Thursday, April 10, 2008

The Innocence Conference Network Meeting 2008

By Jeff Deskovic

There is a group of approximately forty organizations across the country which are dedicated to freeing the wrongfully convicted. Many of their names contain the words “Innocence Project”, along with an adjective describing their geography, although some do not. Examples are “ The California Innocence Project” and “ The Georgia Innocence Project”. The granddaddy of them all is the organization located in Manhattan, co-founded by Barry Scheck and Peter Neufeld, known merely as The Innocence Project.

Although the other groups have the words “Innocence Project” in their name, they are entirely separate legal entities from The Innocence Project, and have different founders, board members, staff etc. Often The Innocence Project has served as a model which is emulated, from organizational structure, to daily operation, to various The Innocence Conference Network Meeting 2008 techniques.

For some years now, the organizations have come together for a three day conference. The purpose of the conference is to hold classes in which tips, techniques, and ideas are shared, as well as to facilitate networking. Those who may be considering starting new innocence projects are permitted to attend, as were several law students. There are also classes offered for exonerees pertaining to readjusting to society
and reintegrating. The conference also has a social element to it in that the busy individuals who work in different states attempting to obtaining the freedom of the wrongfully convicted often enjoy seeing familiar faces which they may not have seen for a year or more.

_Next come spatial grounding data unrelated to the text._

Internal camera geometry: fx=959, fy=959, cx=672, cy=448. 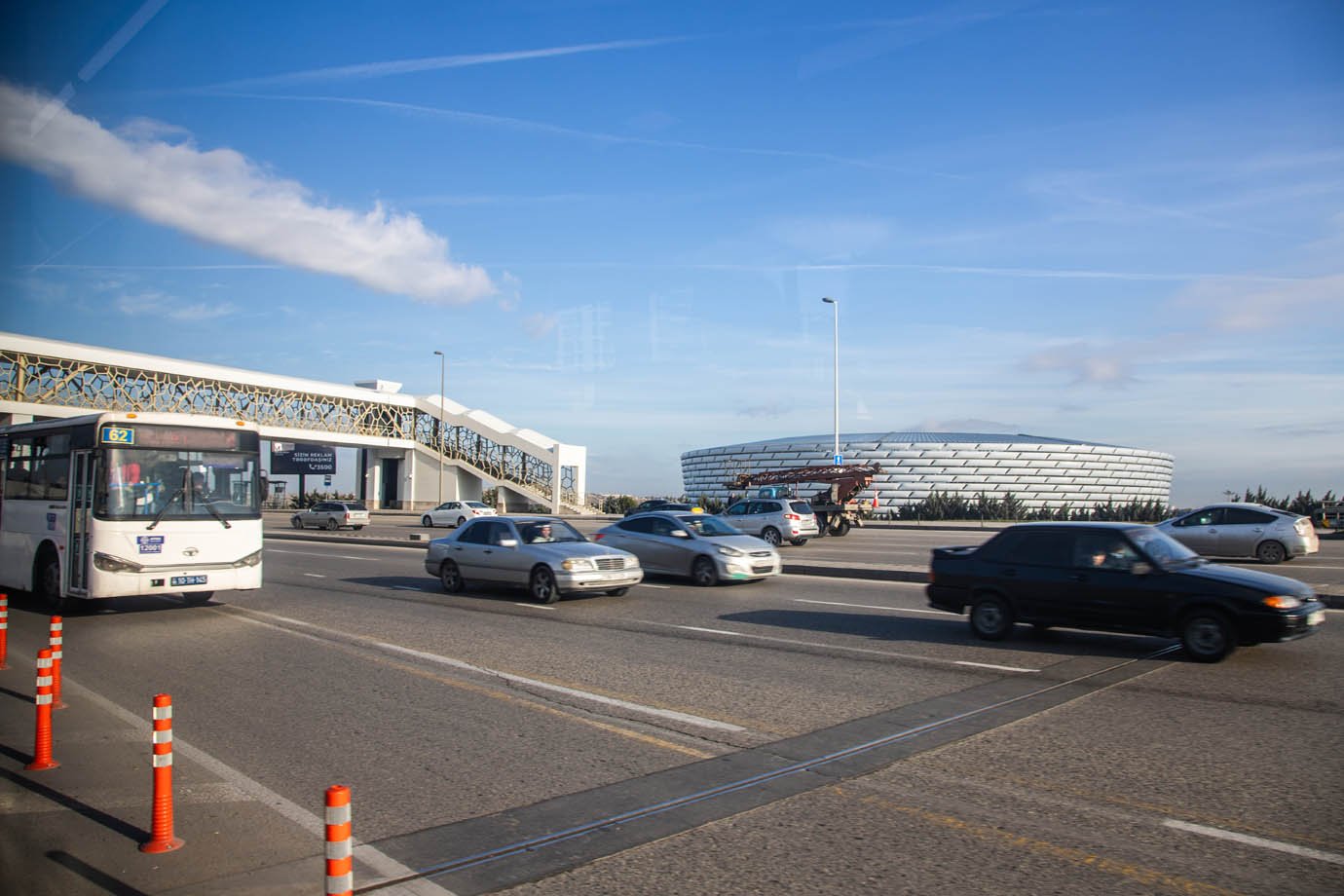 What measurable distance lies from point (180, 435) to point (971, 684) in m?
11.4

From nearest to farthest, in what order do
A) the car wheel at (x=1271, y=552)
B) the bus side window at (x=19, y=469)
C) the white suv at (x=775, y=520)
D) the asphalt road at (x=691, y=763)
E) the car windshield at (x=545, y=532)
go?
1. the asphalt road at (x=691, y=763)
2. the bus side window at (x=19, y=469)
3. the car windshield at (x=545, y=532)
4. the car wheel at (x=1271, y=552)
5. the white suv at (x=775, y=520)

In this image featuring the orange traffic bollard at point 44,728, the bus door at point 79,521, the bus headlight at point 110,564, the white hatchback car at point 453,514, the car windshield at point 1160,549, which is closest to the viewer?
the orange traffic bollard at point 44,728

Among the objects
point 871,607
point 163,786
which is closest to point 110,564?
point 163,786

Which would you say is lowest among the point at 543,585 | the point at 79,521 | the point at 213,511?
the point at 543,585

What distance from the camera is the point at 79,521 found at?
1320 centimetres

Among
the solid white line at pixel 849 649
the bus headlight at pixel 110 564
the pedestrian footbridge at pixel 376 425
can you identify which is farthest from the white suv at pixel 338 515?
the solid white line at pixel 849 649

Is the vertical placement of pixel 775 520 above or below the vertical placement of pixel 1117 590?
above

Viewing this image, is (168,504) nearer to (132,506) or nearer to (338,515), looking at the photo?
(132,506)

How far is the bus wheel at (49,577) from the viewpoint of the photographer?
13.9 m

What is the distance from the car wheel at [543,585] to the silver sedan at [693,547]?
3311 mm

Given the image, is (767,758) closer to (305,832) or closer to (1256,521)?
(305,832)

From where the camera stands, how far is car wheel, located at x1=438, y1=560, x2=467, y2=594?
1712 centimetres

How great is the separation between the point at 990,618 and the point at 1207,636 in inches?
92.8

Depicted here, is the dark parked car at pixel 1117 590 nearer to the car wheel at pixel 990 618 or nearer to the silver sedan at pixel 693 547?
the car wheel at pixel 990 618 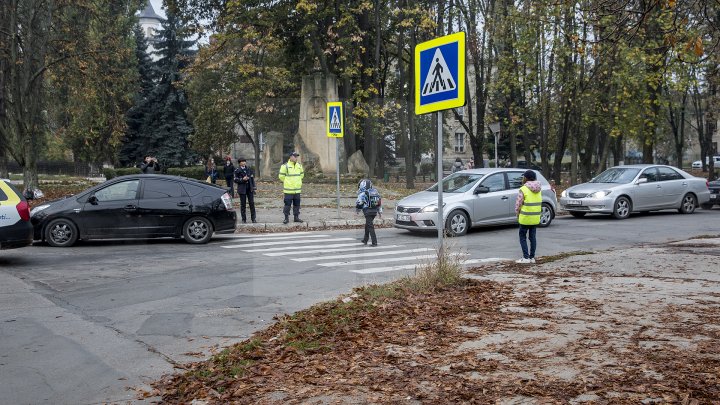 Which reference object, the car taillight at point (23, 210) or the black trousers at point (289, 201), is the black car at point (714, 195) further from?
the car taillight at point (23, 210)

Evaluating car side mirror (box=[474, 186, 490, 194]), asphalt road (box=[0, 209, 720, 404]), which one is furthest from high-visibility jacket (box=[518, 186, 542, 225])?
car side mirror (box=[474, 186, 490, 194])

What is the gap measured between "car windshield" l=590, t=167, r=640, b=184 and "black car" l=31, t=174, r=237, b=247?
38.9 ft

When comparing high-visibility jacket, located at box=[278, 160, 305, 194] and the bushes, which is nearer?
high-visibility jacket, located at box=[278, 160, 305, 194]

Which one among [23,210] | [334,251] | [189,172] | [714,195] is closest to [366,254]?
[334,251]

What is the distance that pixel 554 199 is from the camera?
18406 millimetres

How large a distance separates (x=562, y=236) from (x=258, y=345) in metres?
11.3

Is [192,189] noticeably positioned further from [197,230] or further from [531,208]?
[531,208]

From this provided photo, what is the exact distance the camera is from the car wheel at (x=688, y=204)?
2202 centimetres

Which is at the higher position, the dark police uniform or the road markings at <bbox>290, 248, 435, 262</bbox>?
the dark police uniform

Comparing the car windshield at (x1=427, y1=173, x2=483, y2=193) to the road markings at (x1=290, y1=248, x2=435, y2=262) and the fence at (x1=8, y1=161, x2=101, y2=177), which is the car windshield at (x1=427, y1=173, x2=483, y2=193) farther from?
the fence at (x1=8, y1=161, x2=101, y2=177)

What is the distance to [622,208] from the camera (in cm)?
2031

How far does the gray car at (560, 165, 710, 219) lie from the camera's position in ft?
66.2

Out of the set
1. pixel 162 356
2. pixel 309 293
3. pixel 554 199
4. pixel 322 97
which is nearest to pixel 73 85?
pixel 322 97

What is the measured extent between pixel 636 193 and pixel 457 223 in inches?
286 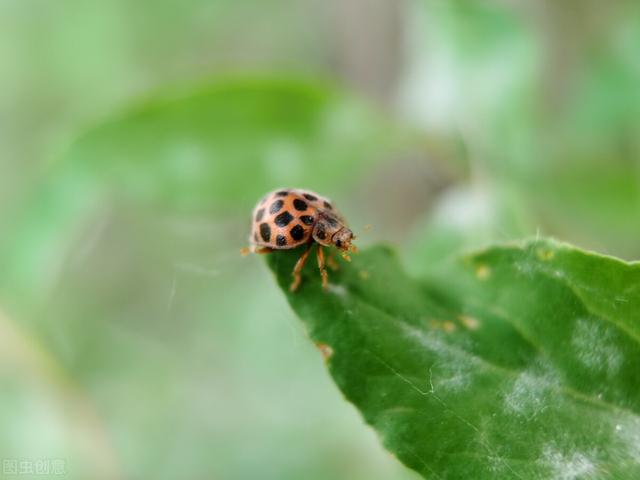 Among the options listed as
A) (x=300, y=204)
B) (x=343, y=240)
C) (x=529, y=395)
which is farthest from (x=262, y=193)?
(x=529, y=395)

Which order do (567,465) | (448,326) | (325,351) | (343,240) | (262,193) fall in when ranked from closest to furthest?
1. (567,465)
2. (325,351)
3. (448,326)
4. (343,240)
5. (262,193)

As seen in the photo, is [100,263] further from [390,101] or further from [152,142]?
[152,142]

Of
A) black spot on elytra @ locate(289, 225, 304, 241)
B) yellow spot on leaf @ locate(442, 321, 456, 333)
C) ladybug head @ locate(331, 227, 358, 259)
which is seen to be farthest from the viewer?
black spot on elytra @ locate(289, 225, 304, 241)

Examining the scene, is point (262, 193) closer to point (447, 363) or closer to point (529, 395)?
point (447, 363)

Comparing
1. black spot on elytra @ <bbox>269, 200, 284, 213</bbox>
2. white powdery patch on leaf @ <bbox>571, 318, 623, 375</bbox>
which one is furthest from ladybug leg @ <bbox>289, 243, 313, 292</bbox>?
white powdery patch on leaf @ <bbox>571, 318, 623, 375</bbox>

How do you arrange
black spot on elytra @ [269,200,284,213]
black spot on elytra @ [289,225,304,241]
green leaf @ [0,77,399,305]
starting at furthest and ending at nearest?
green leaf @ [0,77,399,305] → black spot on elytra @ [269,200,284,213] → black spot on elytra @ [289,225,304,241]

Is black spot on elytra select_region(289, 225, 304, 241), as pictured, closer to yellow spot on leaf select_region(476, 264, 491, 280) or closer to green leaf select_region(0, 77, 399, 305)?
yellow spot on leaf select_region(476, 264, 491, 280)

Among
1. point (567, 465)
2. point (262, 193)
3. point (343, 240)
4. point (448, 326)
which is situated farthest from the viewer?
point (262, 193)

To facilitate that aspect, breakfast, lunch, and dinners are served in a large area capable of accomodating most everyone for the purpose of
mingling. Last year’s conference was held in March at Harvard University in Cambridge, Massachusetts. At that point I had only been free for less than six months, and, although a “newbie” in terms of my freedom, I nevertheless decided to drive there, rather than car pool, because my plans involved some lobbying activity.

This year’s conference was being held in San Jose, California, and naturally driving was not a practical option. Because I have been involved in starting up a foundation with objectives similar to the Innocence Project I very much wanted to attend and learn all that I might. Fortunately, for me, Sam Zherka, publisher of The Westchester Guardian, offered to finance the trip. I was accompanied by my friend and
manager of my public speaking engagements, Darren Wilkins, who wanted to be sure that all went well.

Because my goal was to learn as much as I could in hopes of starting a new organization, I opted to attend the classes offered to professionals rather than those for exonerees. While I was at the conference I learned that there were different models of Innocence Projects. The New England Innocence Project, for example, consists solely of a huge law firm that was so successful and so wealthy, that they decided to give back to society by creating their own Innocence Project within their law firm.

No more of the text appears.